While the dialogue is good, I have a problem with the unwillingness of the authors (George Auerbach and John Roeburt) to accept an independent ethical conscience of their criminal leads – they prefer to emphasis the unseen hand of god, and a deus ex machina in form of a benevolent, omniscient reverend. There are also problems with the editing and the narrative structure, and a lot of it is down to the need to somehow include the aforementioned reverend into the film throughout the story.

 

The acting is good, with Haymes playing the tough but charming lead effortlessly. He is also given the opportunity to sing, which is something I generally do not like all that much but in this case it works as it fits right into the story. Stander is good as well, already displaying the same kind-hearted gruffness that would be his trademark on Hart to Hart. But the shining light in this film is probably Roland Young, who gives his A-game playing a character who, while not given enough screen-time, is probably given the most depth by the script.

 

Of the supporting roles, special mention should go to Oskar Karlweis and Nina Foch as father and daughter. For Austrian stage actor Karlweis, whose film career had a very promising kickstart in 1930 (especially as the co-lead in the German audience-favourite Die Drei von der Tankstelle) St. Benny the Dip was the first big-screen appearance in 16 years. Having been forced to flee the Nazis in 1938, his lack of English forced a break in his career, although he appeared on stage from the mid to late ‘40s onwards on both sides of the Atlantic. Beginning with St. Benny the Dip (where he displays flawless English, by the way), he returned to the big screen as a supporting actor for a short while, before dying too young in 1956.

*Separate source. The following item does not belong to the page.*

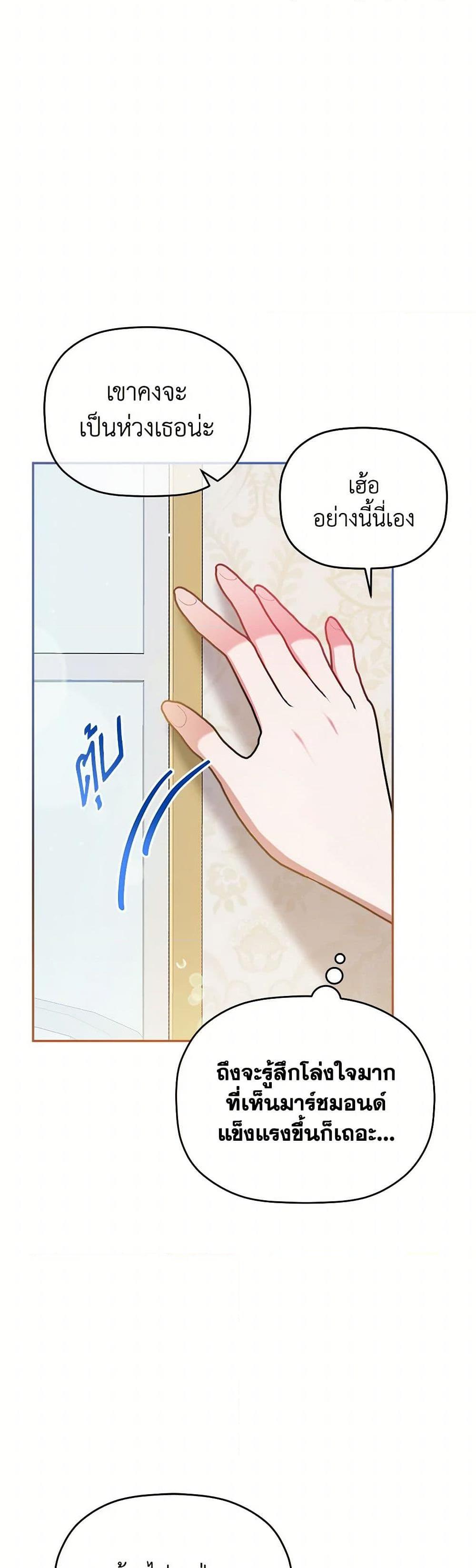 Manga-lc-com อ่านมังงะ อ่านการ์ตูน ออนไลน์ ฟรี Preventing the Making of a Tyrant ตอนที่ 1 2 3 4 5 6 7 8 9 10 11 12 13 14 ฟรี ไม่มีโฆษณา Manga-lc - อ่าน มังงะ อ่าน การ์ตูน ออนไลน์ อ่านมังงะ ฟรี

Neither Karlweis nor Foch are given really much to do in this film, but Karlweis gets the chance to display a semi-broken character with lots of dignity, and Foch can prove her talent by giving an incredibly good performance as a drunk.

 

The film has a passable score by Robert W. Stringer, who also wrote and composed the song sung by Haymes in this film, “I Believe”. The opening credits use beautiful black&white drawings that look like watercolour and so were originally probably done in colour. Since they seem to show locations from the film, maybe they were originally part of a storyboard?

 

 

All-in-all, St. Benny the Dip, known in the UK as Escape if You Can, is quite charming. And if you go into this film knowing that it is not a comedy but a slightly comedic melodrama, I guess you can easily get a 6-out-of-10 experience out of it.